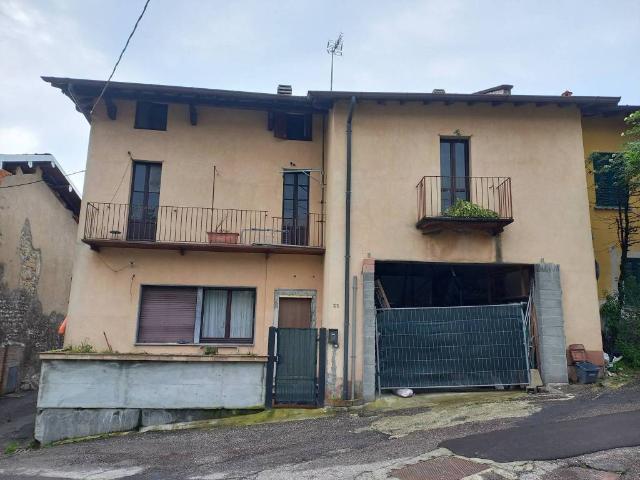 Casa indipendente in vendita a Varese VA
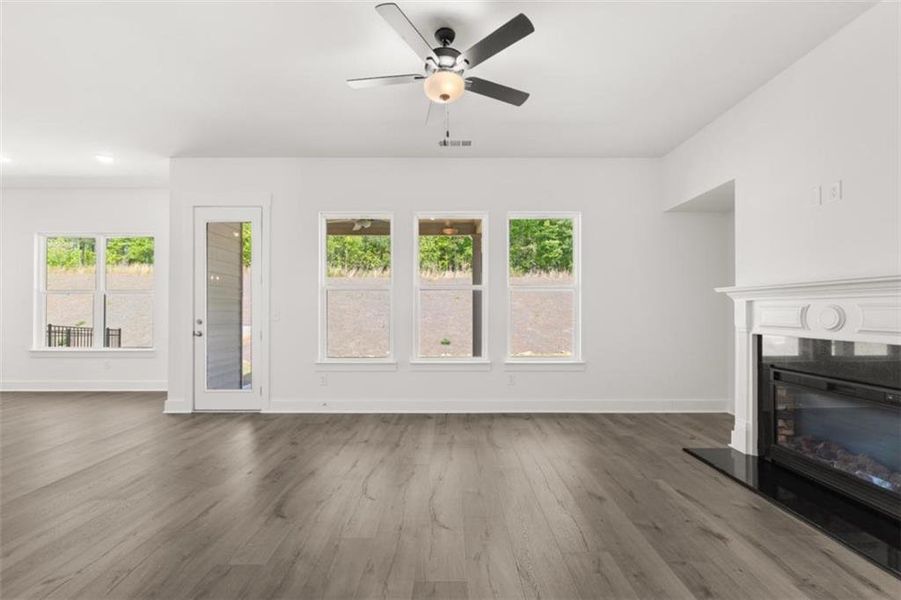 Spacious, unfurnished interior of a new home in Traditions of Braselton, Jefferson (Image 29).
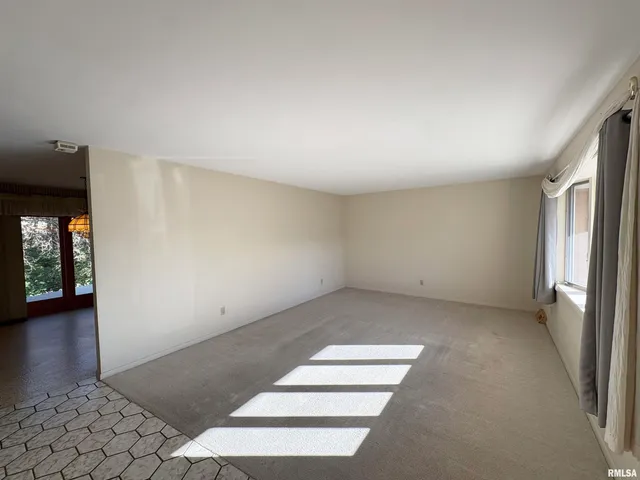 $219,999 | 5805 Sioux Trail South, Peoria, IL 61607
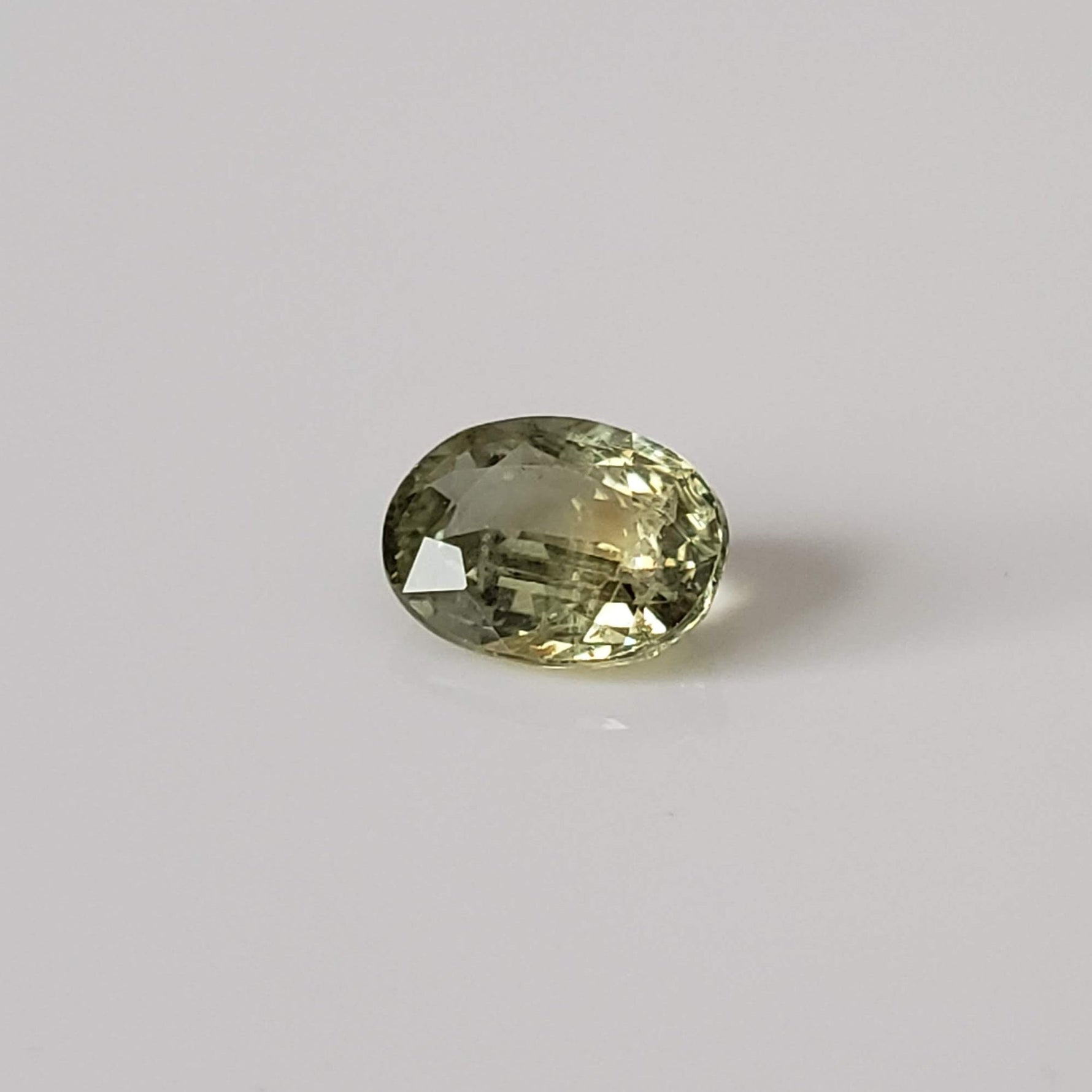 Sapphire | Oval Cut | Lime Green | 8.8x6.8mm 2.15ct | Africa 4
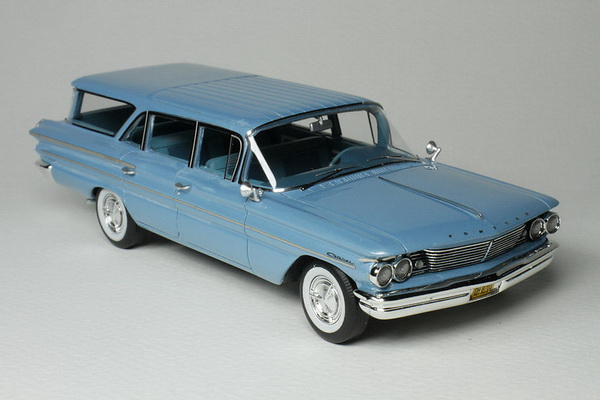 Pontiac Safari 1960 - Skymist Blue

Your assignment: Exactly the lines from the line that contains "Spacious, unfurnished interior" through the last line above, and no other lines, must be output, with pictures excluded.

Problem solution:
 Spacious, unfurnished interior of a new home in Traditions of Braselton, Jefferson (Image 29).
 $219,999 | 5805 Sioux Trail South, Peoria, IL 61607
 Sapphire | Oval Cut | Lime Green | 8.8x6.8mm 2.15ct | Africa 4
 Pontiac Safari 1960 - Skymist Blue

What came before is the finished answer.